I am a recovering people pleaser. My people pleasing has manifested in several different ways over the years. Readily saying yes to all requests, favors, and invitations because I feared my no would lead to disappointment. Feigning indifference so as to appear agreeable or saying things like “it's fine” or “I don’t care where we eat” when in fact, I do have a strong opinion, but fear that my opinion may upset someone in the group. Agonizing over what to say in text messages, feeling the need to overly justify, explain, or rationalize my decisions out of fear they will not be accepted. Stifling and suppressing any feelings or emotions that weren't happy or jovial so as to not burden anyone with my struggles. At my core, I would struggle to dismantle a daily belief system that I am not good enough, and because I am not good enough, I am unworthy of love.

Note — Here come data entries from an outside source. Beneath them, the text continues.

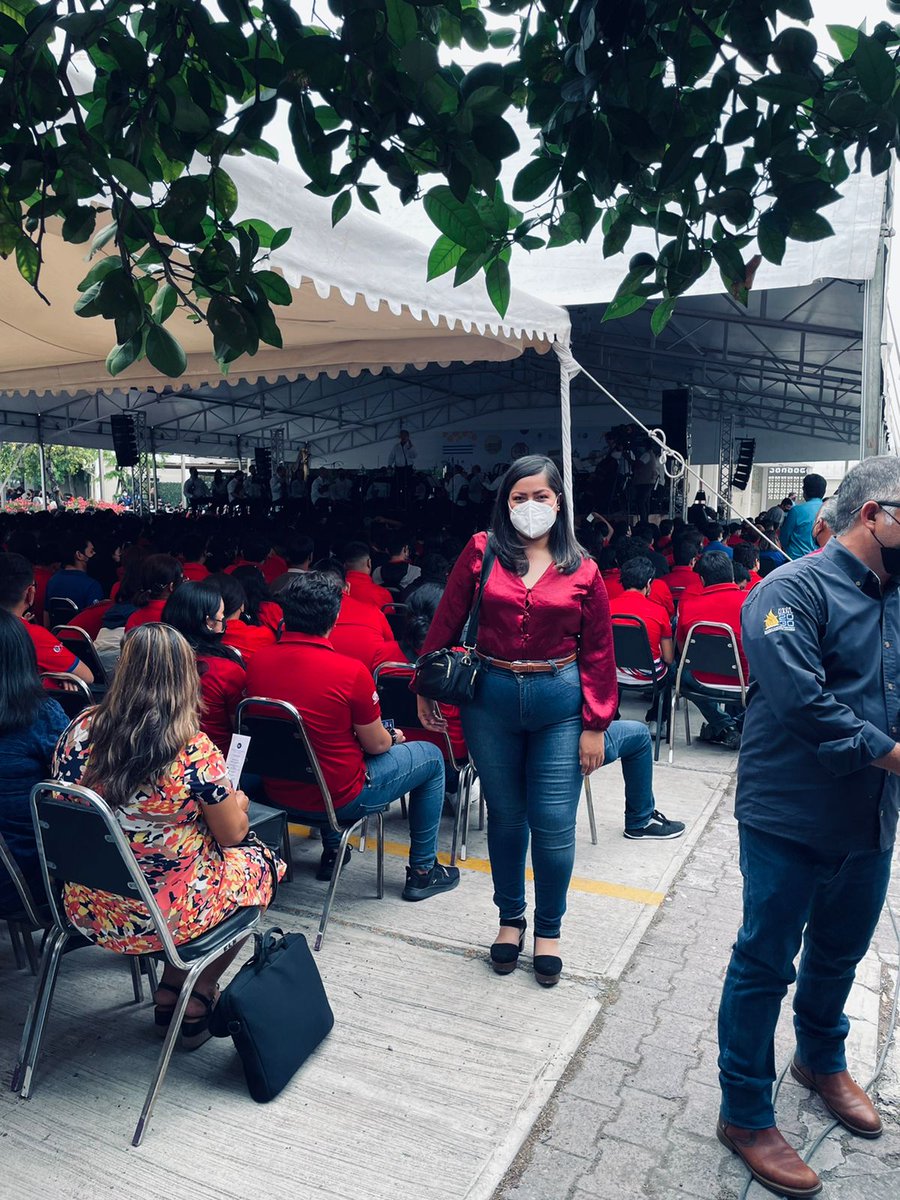 CAPAVivienda's tweet photo. El día 04 de mayo acudimos a la celebración por el 55 aniversario de la #preparatoria8UANL 
agradeciendo siempre el apoyo que nos brindan para trabajar con los jóvenes. https://t.co/gIuYDiefxm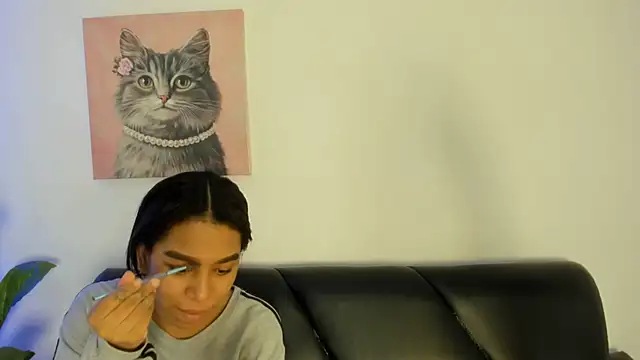Snapshot of Fernanda_brown18 chatting on 10.18.25 Fernanda brown18 online show from 10.18.25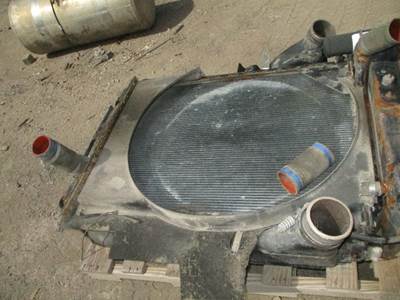 Kenworth T600 Cooling Assembly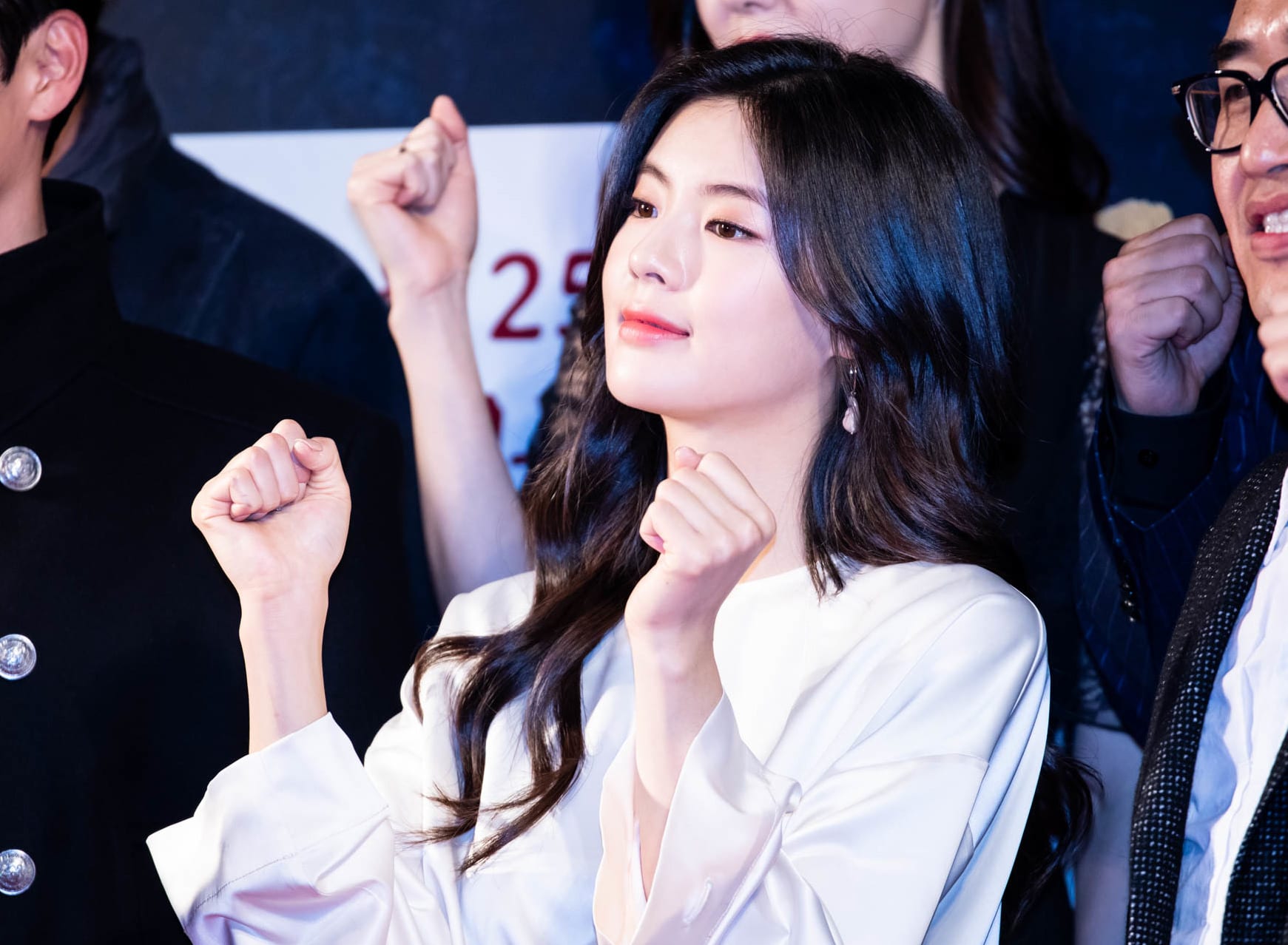 Lee Sun-Bin - Lee Sun Bin considering replacing Nana's role in 'Four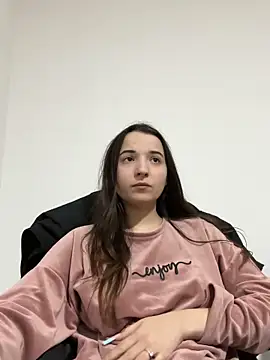 OutsiderMuse online show from April 27, 5:54 pm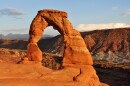 Arches national park, delicate arch under a blue sky.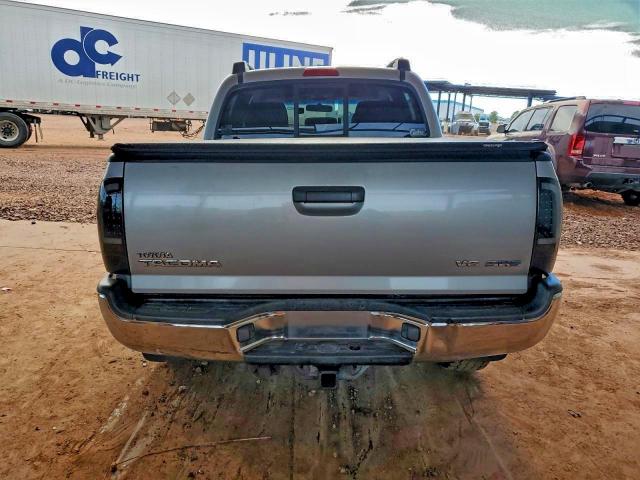 Toyota Tacoma Double Cab Image 4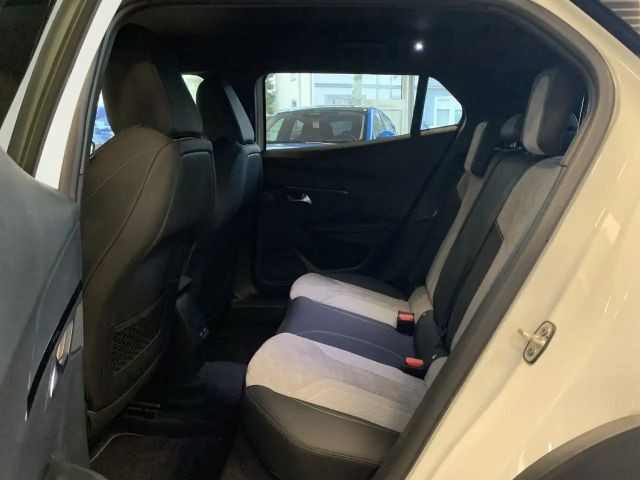 Peugeot E-2008 GT-Line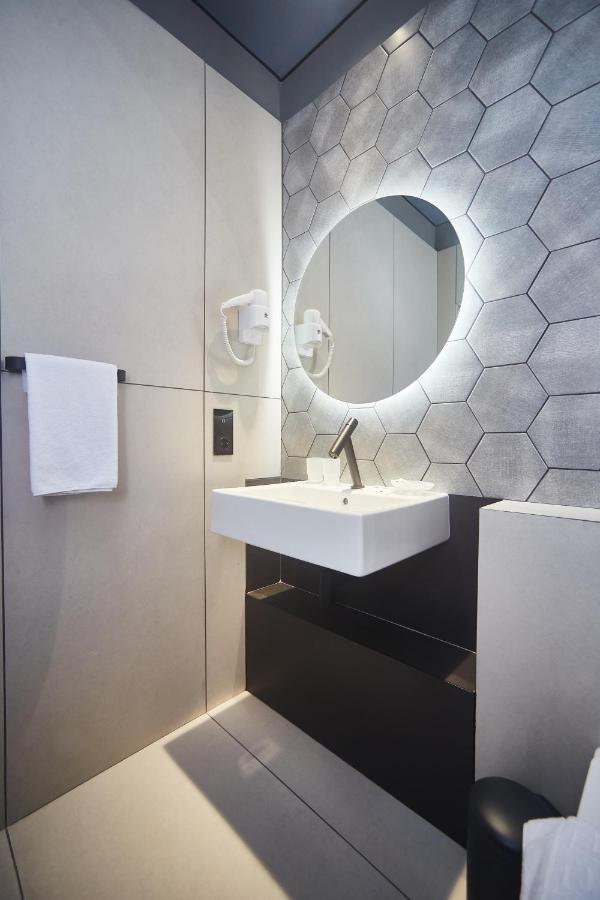Ultramarinn Hotel Одесса Экстерьер фото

I recognize that this is not true; fear is often an irrational narrative playing out the possibilities of future pain. I recognize that these are survival mechanisms I adopted from an early age, believing that my worth was intrinsically tied to what I produced, and how what I offered made other people feel. When I behaved, followed rules, and made life easier for others, I was applauded, repeatedly told I was a good boy, and often rewarded. In this way, I learned to be self-sacrificing, amenable, and prioritize others’ needs and wants because I truly believed that was the only way that others could possibly love me. I never learned to draw healthy boundaries, advocate for my wants, and stand firm in the knowing of my worth. I recognize that these were, and are, my choices and that I make these choices when I am empty or am acting out of fear, and take full responsibility for them.
My people pleasing nature changed about four years ago, when I dove deep into my coaching studies, understanding my trauma response cycle, and discovered strategies I could implement to disrupt my ingrained patterns. Learning how to heal my core wounds, navigate my stress, and feel confident in advocating my wants and needs has been life saving. It is daily personal practice of self-soothing and self-expression, personal assessment, and boundary drawing as I continue to understand and heal these wounds.
Today, I wanted to share one of my favorite strategies; one that irrevocably shifted how I relate to myself, and others, in a personal and professional capacity. I use this everyday, and have shared this with my clients who also found it super helpful. As a people pleaser, I would readily agree to every request, invitation, or favor asked of me without thoughtfully thinking about the request itself, and its consequences to myself or others. So now, before I answer, I have learned to take a sacred pause and ask myself these three questions: What am I willing to do, What am I capable of doing, and What do I need in order to do it?
These three questions allow me to check-in and see where am I at, how am I feeling, and what I need in order to be successful. They give me space to understand my personal limitations and amend requests. Every time that I ask myself these questions, I am communicating to my mind, body, and spirit that my needs have worth and I am worthy of my needs. The more I do this, the guilt and shame surrounding the act of prioritizing my happiness dissipates and I feel more empowered.
For all my people pleasers out there, recovered, recovering, or in the thick of it, what strategies and tools have you found to be successful and where have you struggled drawing boundaries or advocating your wants/needs?